We studied the release of insulin, glucagon, and somatostatin in response to glucose, glyceraldehyde (GA), and α-ketoisocaproate (KIC) from rat kidneys containing transplanted insulinomas. Kidneys were perfused about 11 wk after transplantation when the plasma glucose concentration of the fed animals had decreased from 180 ± 7 to 95.1 ± 9.9 mg/dl and plasma insulin concentrations had increased from 2.6 ± 0.5 to 14.2 ± 2.0 ng/ml. The insulin content of the tumorcontaining kidney ranged from 40 to 679 μg; the glucagon and somatostatin concentrations ranged from undetectable levels to 3.7 μg and 248 ng, respectively. The average response to 30 mM glucose and 10 mM GA was a four- to fivefold increase in insulin secretion, whereas 30 mM KIC caused a 16- to 28-fold increase. In vitro stimulation of the insulinoma with 30 mM glucose primed the β-cell response to a second stimulus following a short rest period. Cytochalasin B did not enhance this primed glucose response. Diazoxide inhibited glucose, GA, and KIC-stimulated insulin release. Glucose, GA, and KIC stimulated glucagon release in 2 of 17 insulinomas studied here.
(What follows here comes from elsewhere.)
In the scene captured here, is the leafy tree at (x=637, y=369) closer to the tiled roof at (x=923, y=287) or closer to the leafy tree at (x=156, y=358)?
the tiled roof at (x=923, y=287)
Somatostatin release was not seen in any of the experiments. These findings show that this islet cell tumor transplanted under the kidney capsule releases insulin in response to physiologic and model fuel substances. Thus, this particular transplantable tumor offers an opportunity to study the biochemistry and biophysics that underlie fuel-stimulated insulin release.